Third-Year Students. There were 75 constructive notes given to the third-year nursing student cohort (n = 226), with the most frequently cited criterion (n = 41, 55%) relating to the professional practice domain, specifically criterion 1.1, which “demonstrates accountability and responsibility for own actions.” Further, 18 learning contracts were consequently issued to third-year students, with the most frequently identified domain (n = 14, 78%) being Professional Practice criterion 1.1, as above.

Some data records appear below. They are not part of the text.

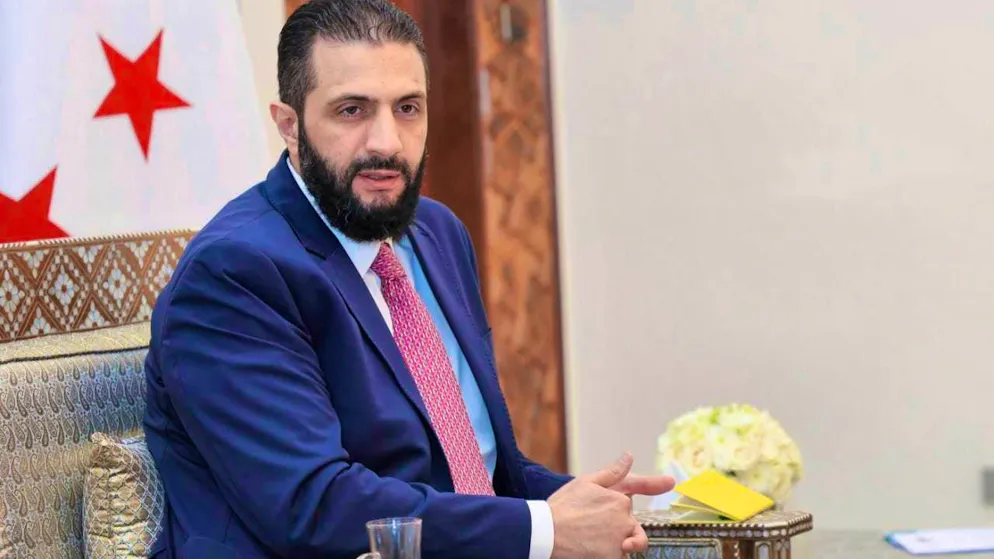 ARCHIVE - In this photo released by Syria's official news agency SANA via AP, Syrian interim President Ahmad al-Sharaa receives the final version of the provisional electoral system for the People's Assembly. Photo: Uncredited/SANA/dpa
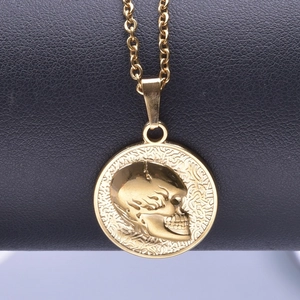 Macro detail of gold stainless steel necklace featuring a relief skull on a coin pendant
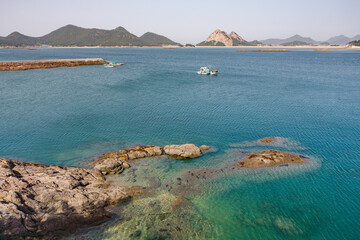 Seonyudo Island with fishing boats in Jeongjado bay, beautiful transparent and turquoise sea water, South Korea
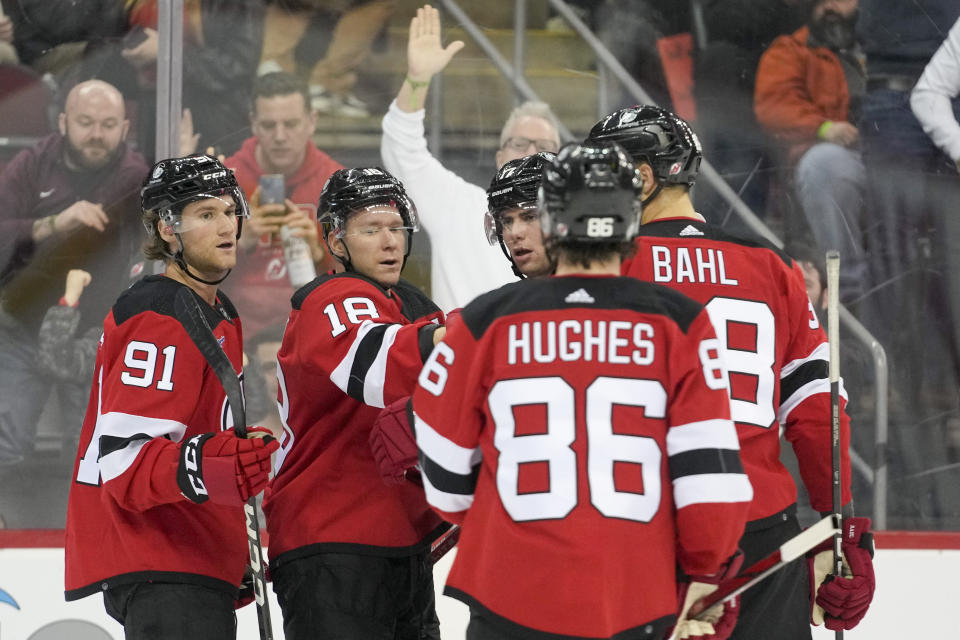 New Jersey Devils left wing Ondrej Palat (18) celebrates with his teammates after scoring against the Montreal Canadiens during the second period of an NHL hockey game, Saturday, Feb. 24, 2024, in Newark, N.J. (AP Photo/Mary Altaffer)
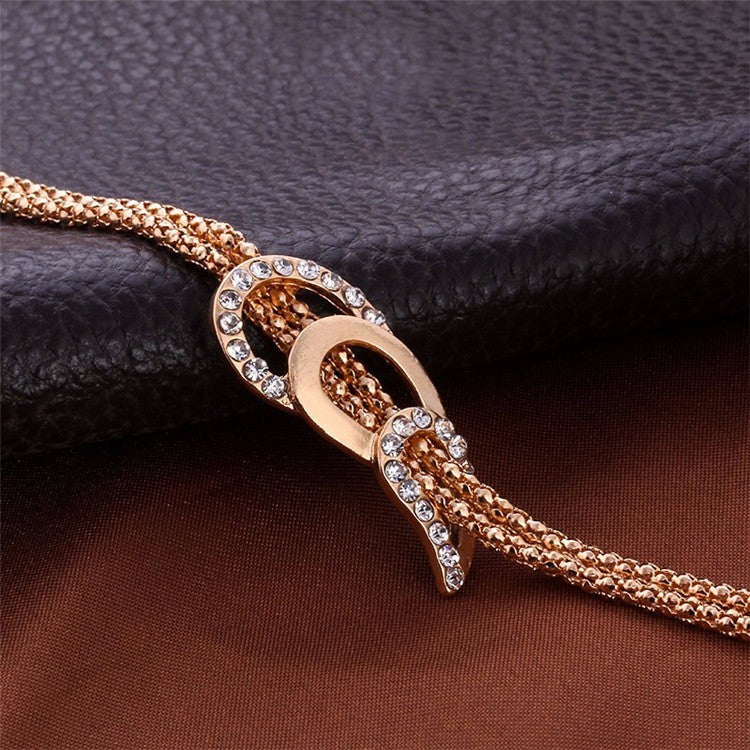 4-piece couple-style jewelry gift set featuring rhinestone earrings, hand accessories, and item accessories with alloy inlaid artificial gems and semi-precious stones. Includes a stylish horsewhip chain.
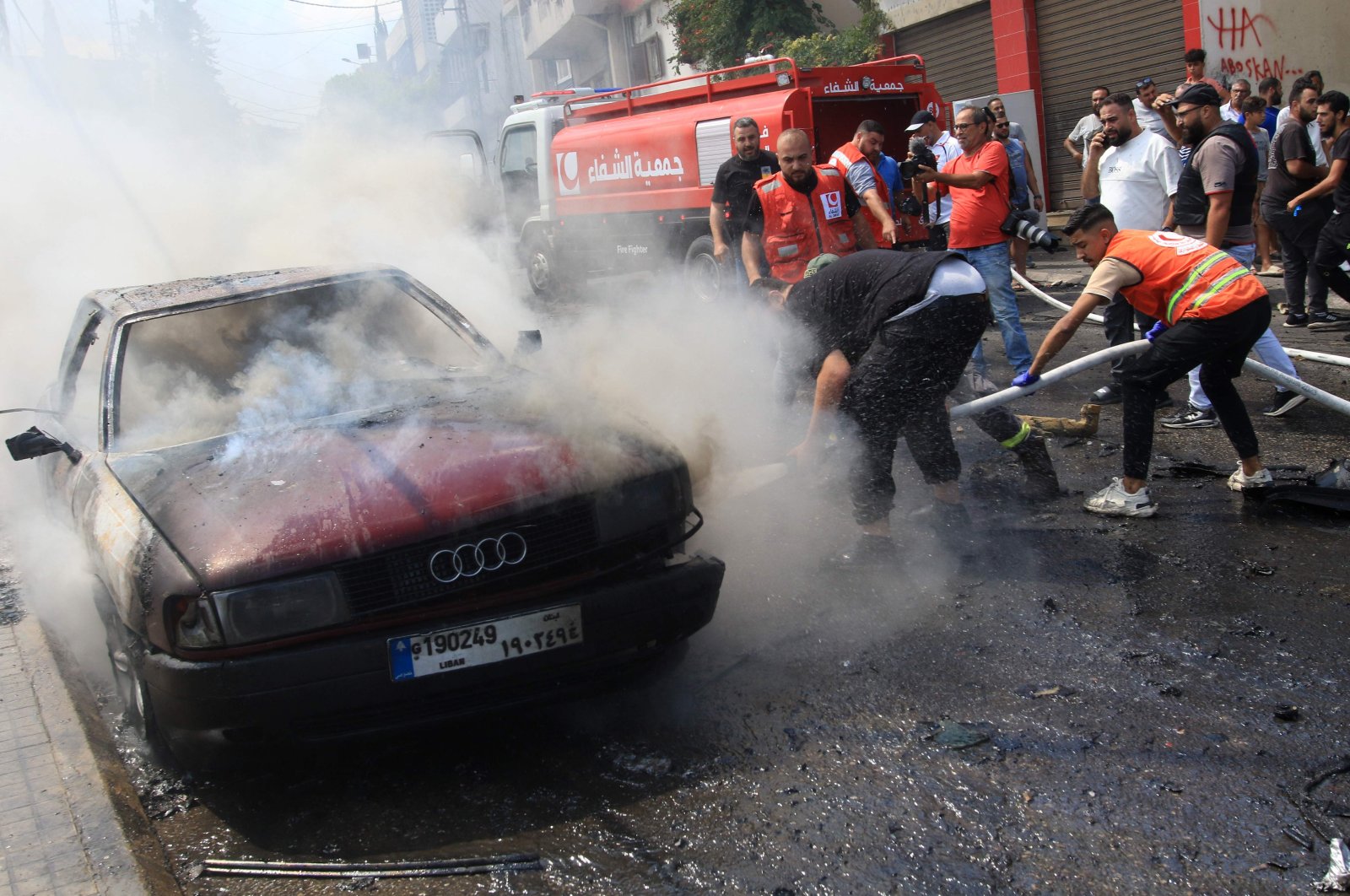 Lebanese firefighters put out a fire in a car after an Israeli strike in the southern city of Sidon, Lebanon, Aug. 21, 2024. (AFP Photo)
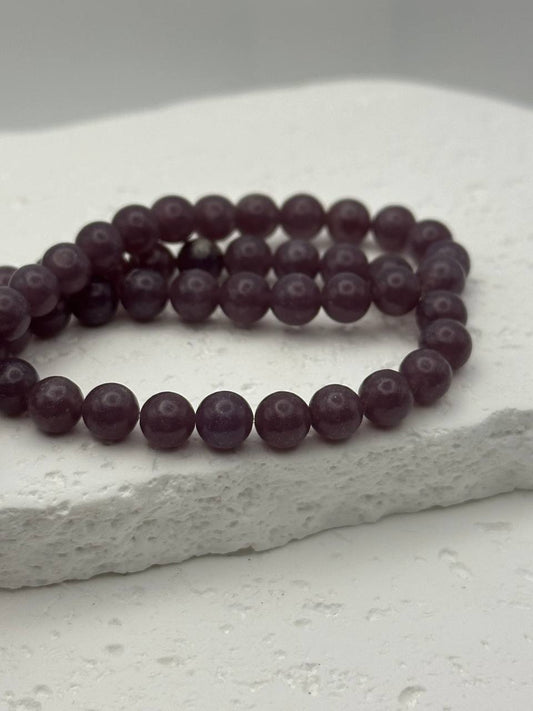 Lepidolite beads on white surface
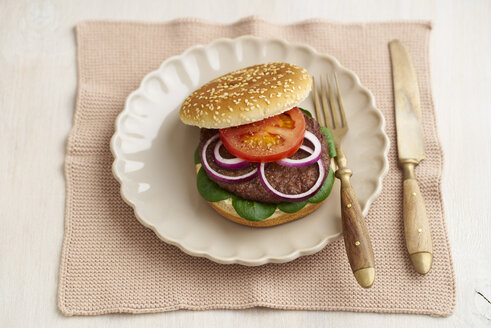 Burger mit Hackfleisch, Tomate, Feldsalat und roten Zwiebeln auf Teller - ECF000462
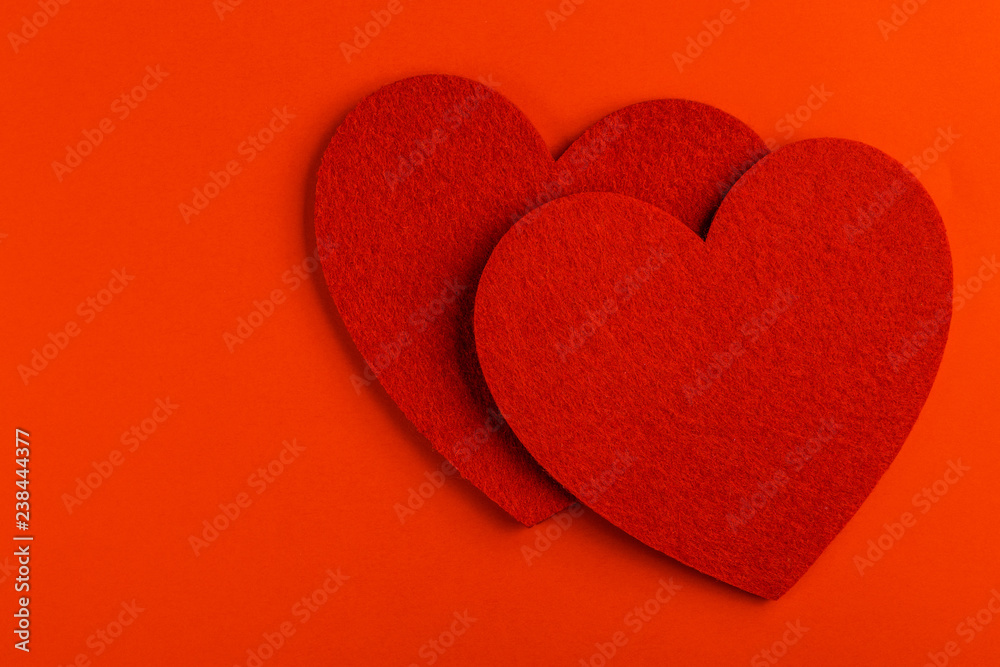 Obraz premium Two red felt heart on bright red background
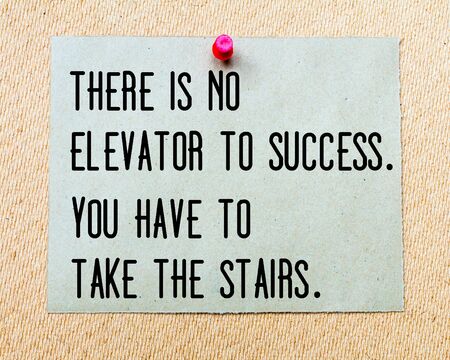 There is no Elevator To Success, You Have to Take The Stairs written on paper note pinned with red thumbtack on wooden board. Business conceptual Imageの写真素材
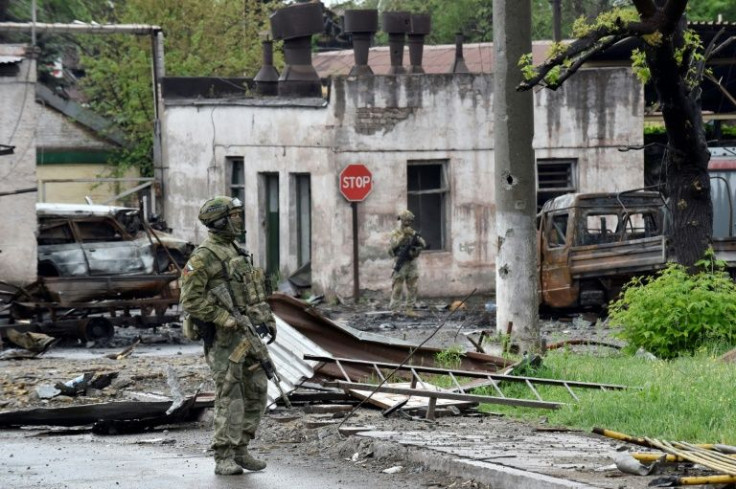 Russian servicemen patrol what is left of Mariupol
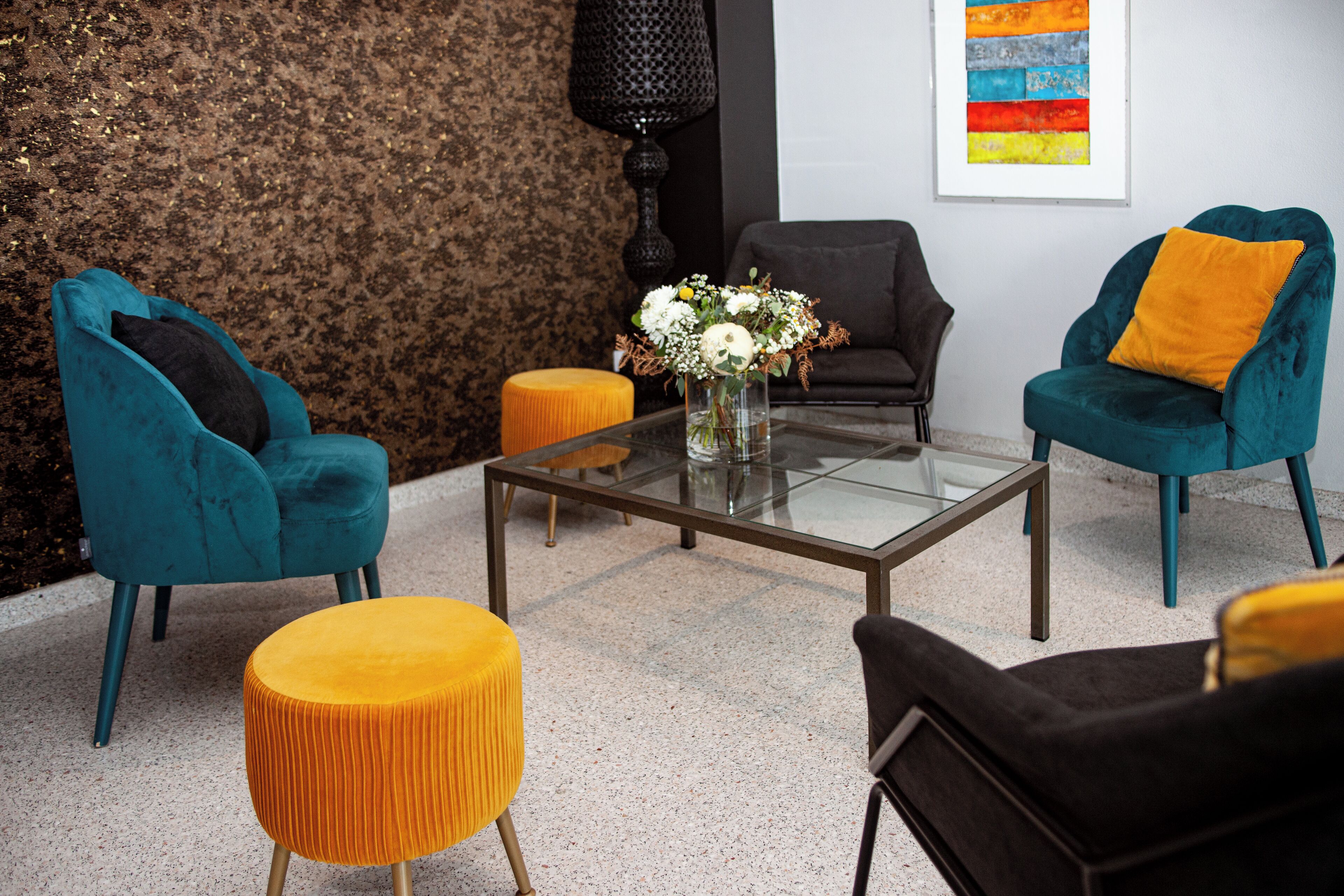 A modern living room with teal and black sofas, a glass coffee table, and a yellow ottoman.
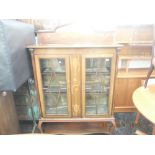 An inlaid mahogany art nouveau two door display cabinet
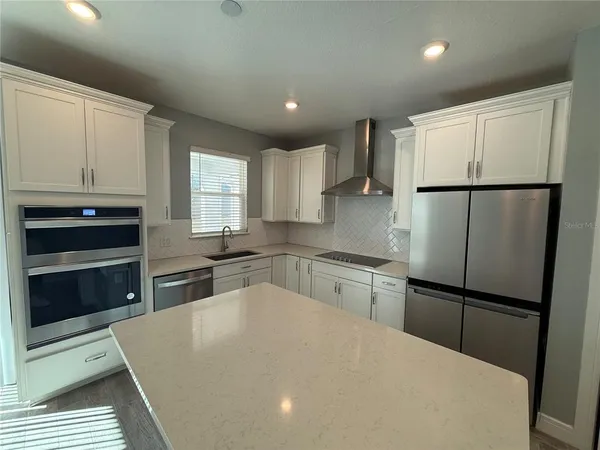 a kitchen with granite countertop a refrigerator stove and microwave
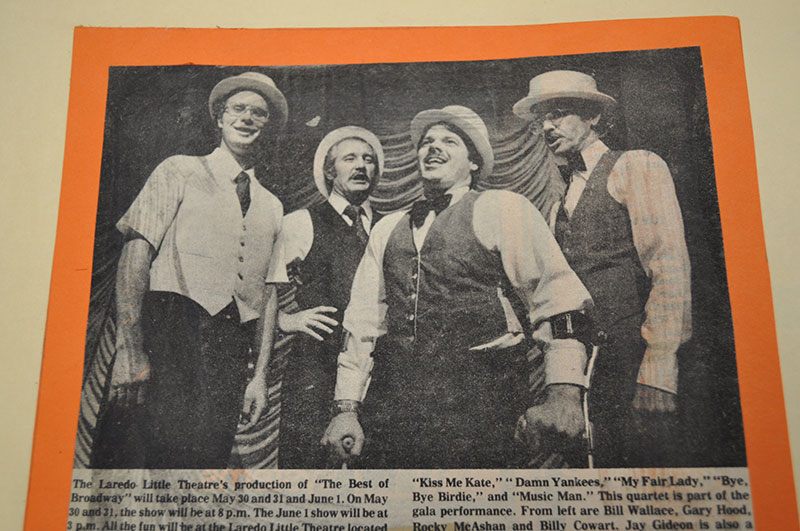 A quartet, in typical barber shop quartet fashion, is photographed singing.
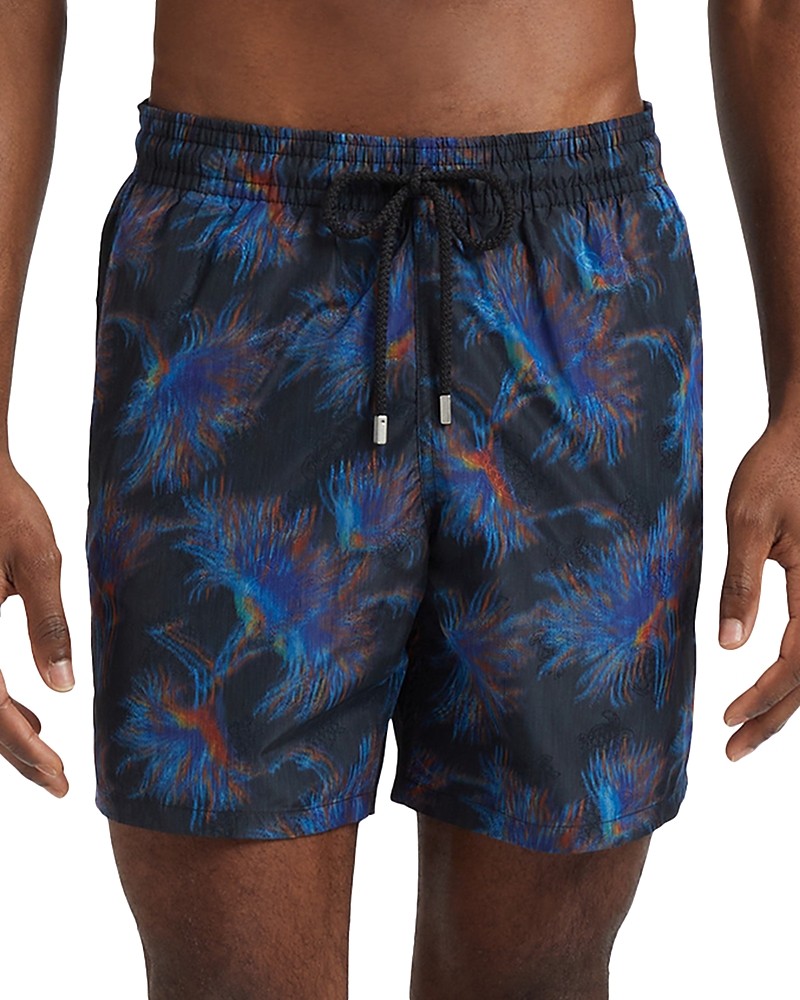 Black swim shorts featuring a vibrant blue and red palm tree print, made from lightweight material with an elastic waistband and drawstring.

Results from this study suggest that entering the nursing course via a graduate entry pathway without a health science background, students with a lower GPA, and international students were all factors associated with receipt of a constructive note or learning contract during clinical placement. This study has identified a positive correlation between students who commenced a baccalaureate of nursing course as a graduate student from a non-health science discipline and the receipt of constructive notes and contracts while on clinical placement. Providers of nursing courses have established precedents for students with previous degrees to complete an abridged 2-year course, regardless of educational discipline. However, the discipline of nursing is founded on understanding of human biological sciences; therefore, graduates from disciplines without this foundational knowledge experience challenges on clinical placement. This may suggest that abridged courses do not meet the learning needs of students from a non-health science background. Many nursing activities in clinical practice are underpinned by science, and a sound understanding of appropriate theory could support clinical decision making (Boddey & de Berg, 2015). The implementation and subsequent evaluation of the effectiveness of a science-based bridging course to assist graduate-entry nursing students is an area for future consideration. Educators in this nursing course must be proactive in the science learning space and include measures to promote the clinical perspective—that is, making explicit the relevance for RN practice (Gordon & Hughes, 2013) to increase student engagement and subsequent learning. A simple yet effective strategy that could be implemented is through a small-group learning activity where a student-generated question bank is developed and shared with other students. Christensen, Craft, Shaw, and Bakon (2017) found that not only was this learning and teaching approach rated positively by nursing students, but students also reported writing questions improved their understanding of content and assisted in their active reflection of content.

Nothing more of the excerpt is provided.